Restate word for word the entries below, starting at the line with "Football/Soccer Session Plan" and ending at the line with "郑州市管城区国控公司成立，注册资本20亿元，金磊任董事长图片". Keep both end lines and omit the pictures.

Supplied records
^^^^^^^^^^^^^^^^

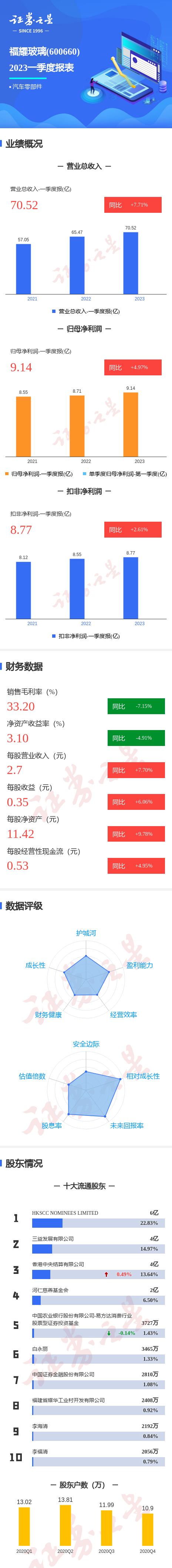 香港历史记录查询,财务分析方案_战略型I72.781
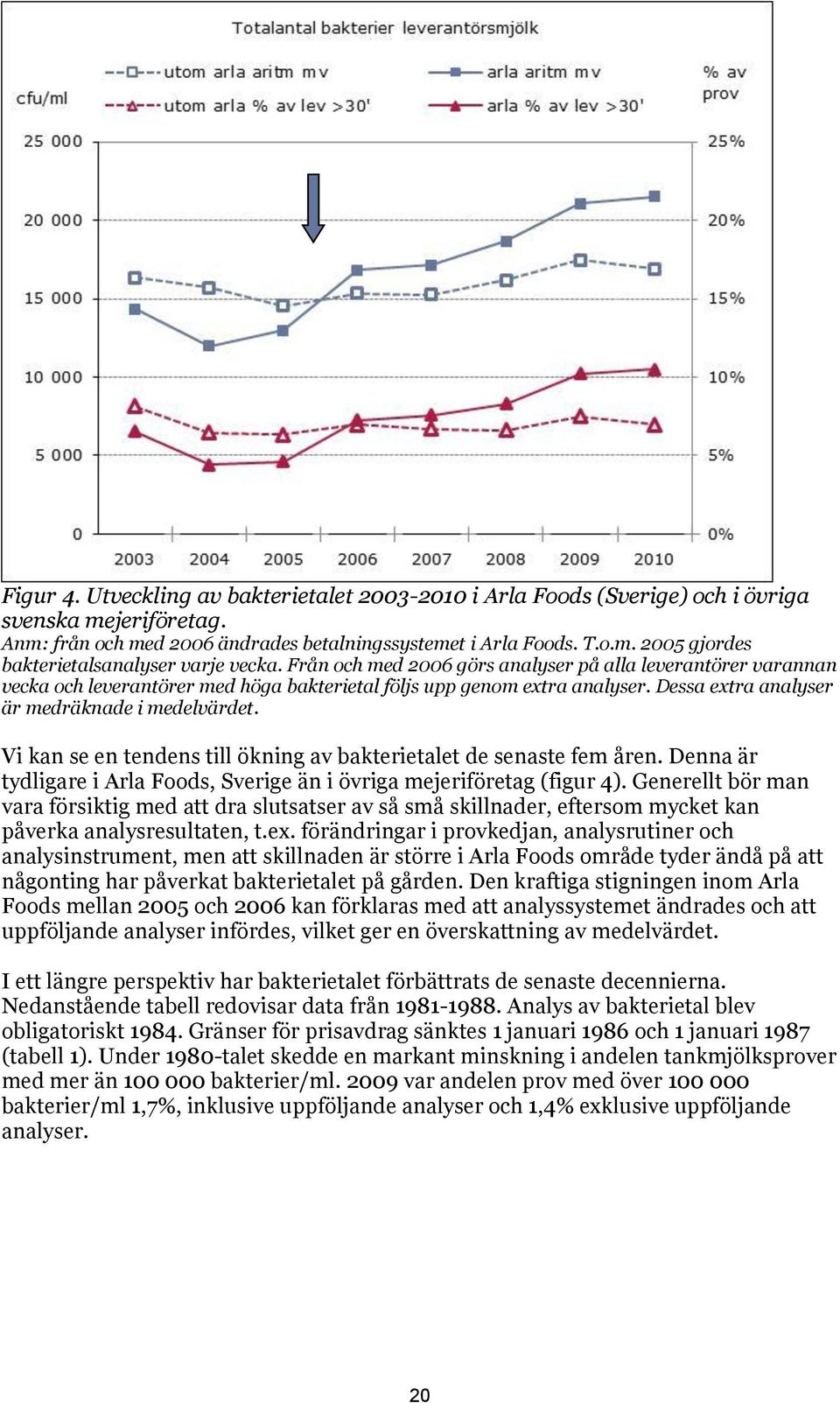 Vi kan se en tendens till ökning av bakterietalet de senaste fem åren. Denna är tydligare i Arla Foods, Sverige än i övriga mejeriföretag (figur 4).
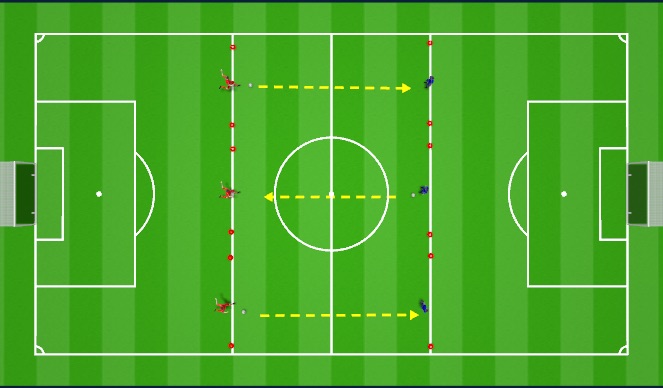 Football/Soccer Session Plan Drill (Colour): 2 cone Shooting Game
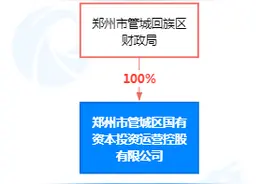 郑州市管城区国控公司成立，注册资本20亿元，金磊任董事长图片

^^^^^^^^^^^^^^^^

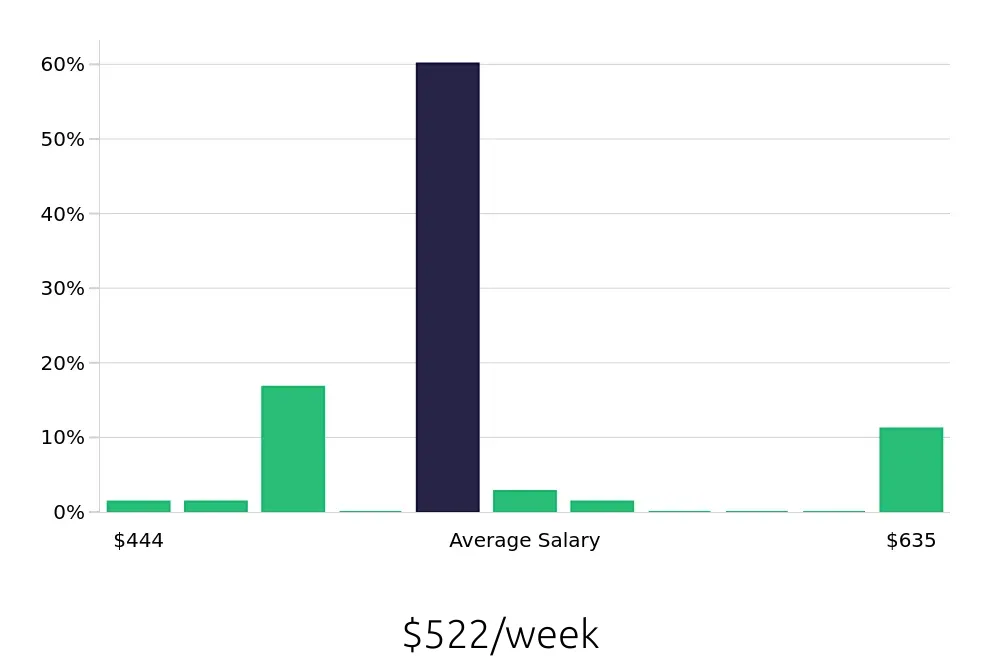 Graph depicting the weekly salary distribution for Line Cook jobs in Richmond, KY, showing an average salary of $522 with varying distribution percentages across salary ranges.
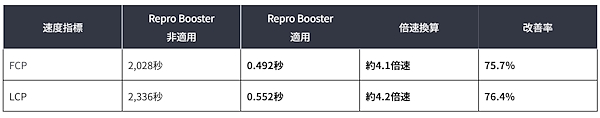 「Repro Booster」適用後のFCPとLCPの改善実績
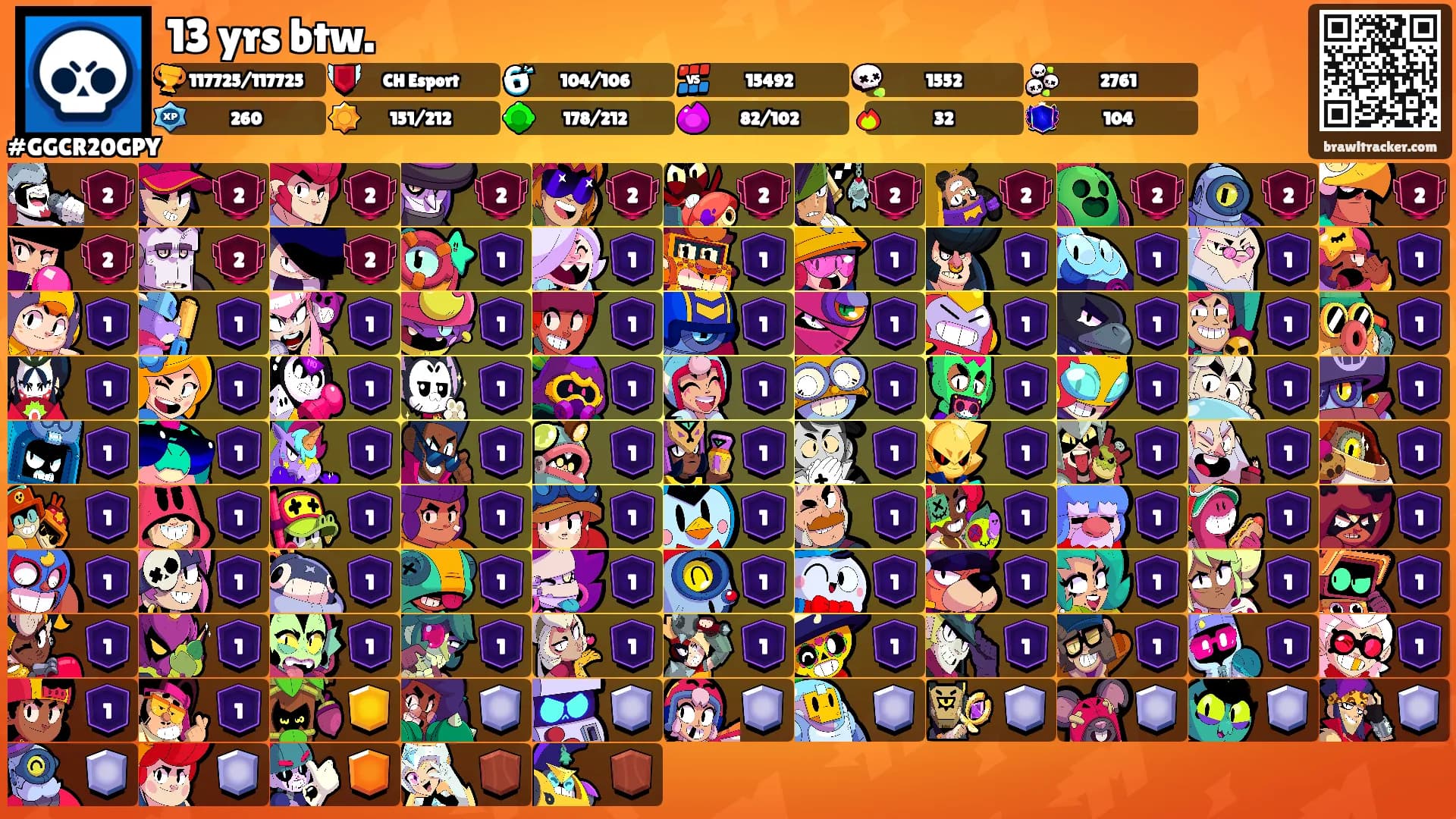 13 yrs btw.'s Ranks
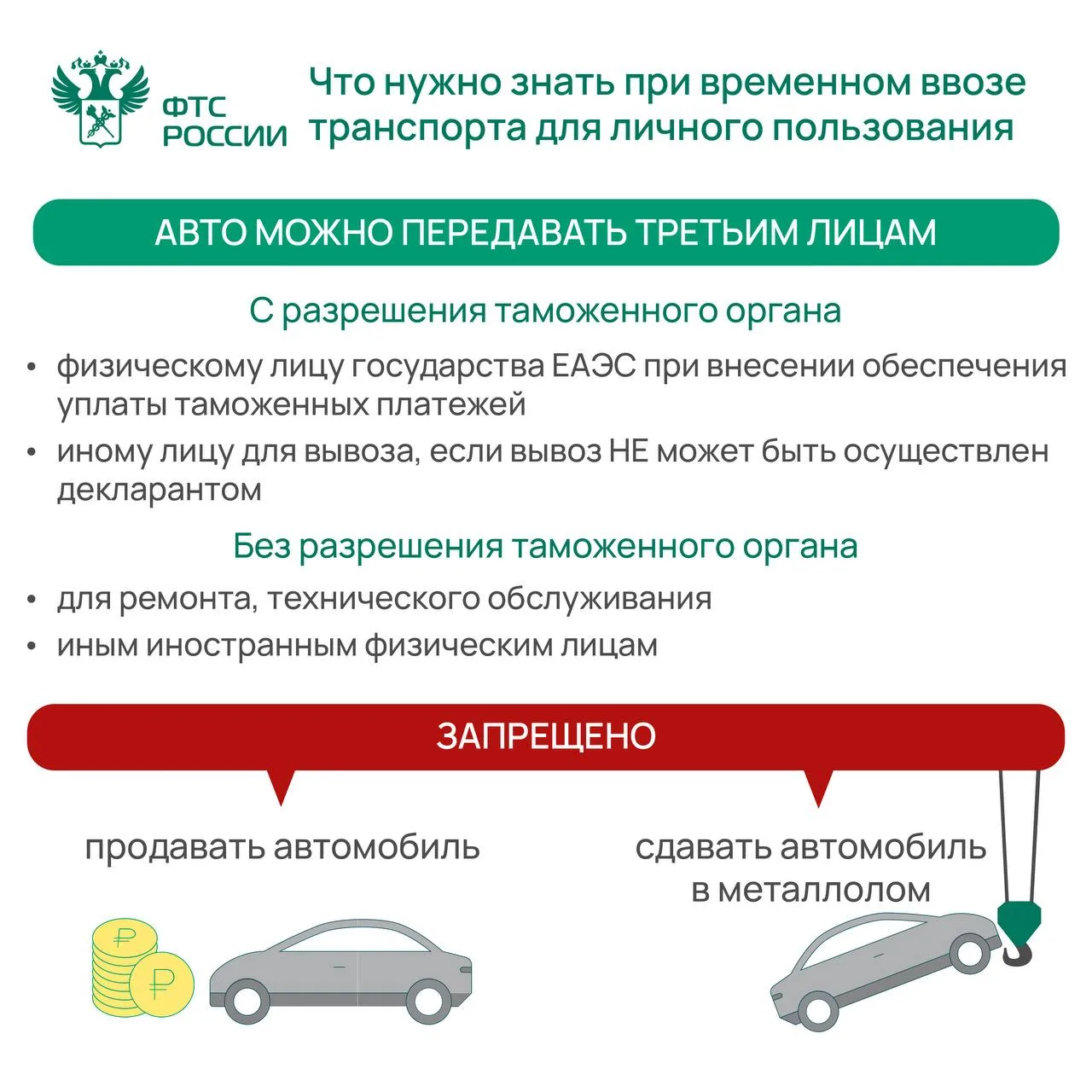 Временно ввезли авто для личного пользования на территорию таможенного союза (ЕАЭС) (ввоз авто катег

^^^^^^^^^^^^^^^^

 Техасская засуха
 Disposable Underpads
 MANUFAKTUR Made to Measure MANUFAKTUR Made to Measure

^^^^^^^^^^^^^^^^

Output
 Football/Soccer Session Plan Drill (Colour): 2 cone Shooting Game
 郑州市管城区国控公司成立，注册资本20亿元，金磊任董事长图片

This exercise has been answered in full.